Na verdade, o Incra chegou a realizar procedimento de licitação para implantar a rede de abastecimento. Os poços foram abertos, mas após a perfuração do solo, as obras pararam, não chegando a ser instalados nem a bomba de água nem os canos, nem quaisquer outros acessórios.

Os fatos chegaram ao conhecimento do Ministério Público Federal no final do ano passado, quando o MP Estadual encaminhou representação feita por representantes do PA José dos Anjos queixando-se da omissão do Incra. Eles relataram ainda que a falta dágua estava impossibilitando a própria sobrevivência do assentamento, pois impedia a realização de quaisquer atividades produtivas, como implantação de lavouras e criação de gado.

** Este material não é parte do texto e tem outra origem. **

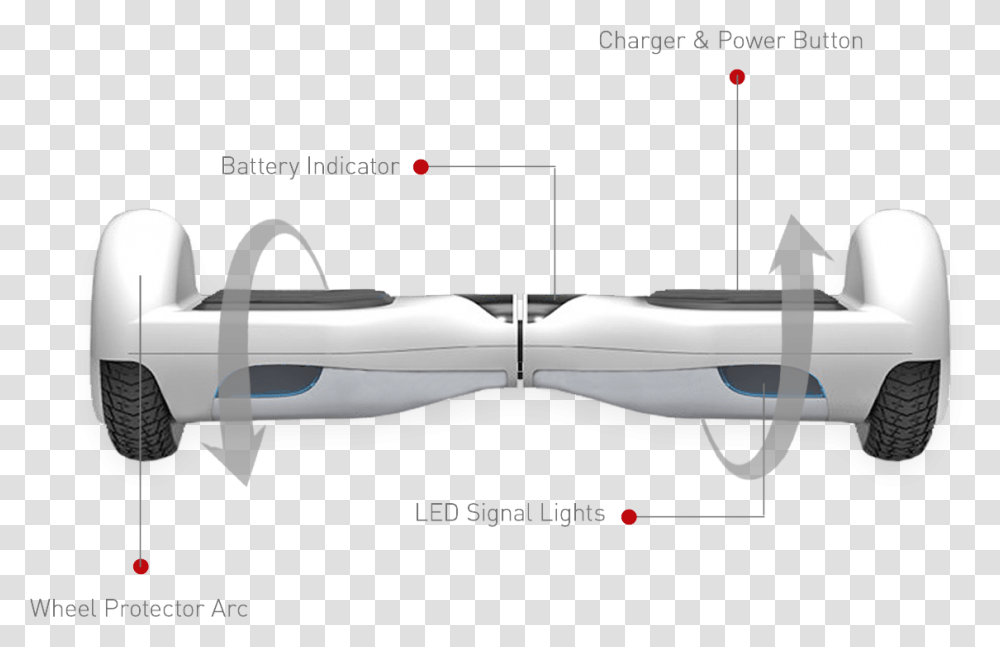Hoverboard With Parts Labelled Labeled Diagram Of A Hoverboard, Car, Vehicle, Transportation, Limo Transparent Png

Instado a prestar explicações, o Incra admitiu que, nos termos do artigo 4º da Instrução Normativa 15/2004, é de sua responsabilidade a implantação da infraestrutura de captação e distribuição de água em assentamentos agrários. Por outro lado, embora também reconhecendo “a necessidade urgente da instalação integral da infraestrutura de água no PA José dos Anjos”, de forma genérica e sem comprovação, afirmou que “diante das limitações humanas, materiais e orçamentárias atravessadas por esta instituição, não será possível avançar neste exercício o atendimento das reivindicações apresentadas”.

Para o procurador da República Leonardo de Andrade Macedo, “não há justificativa possível para a omissão do órgão federal. O Incra faz parecer que a demanda é uma novidade, quando ela existe há mais de 10 anos, tendo sido identificada antes mesmo da implantação do assentamento”.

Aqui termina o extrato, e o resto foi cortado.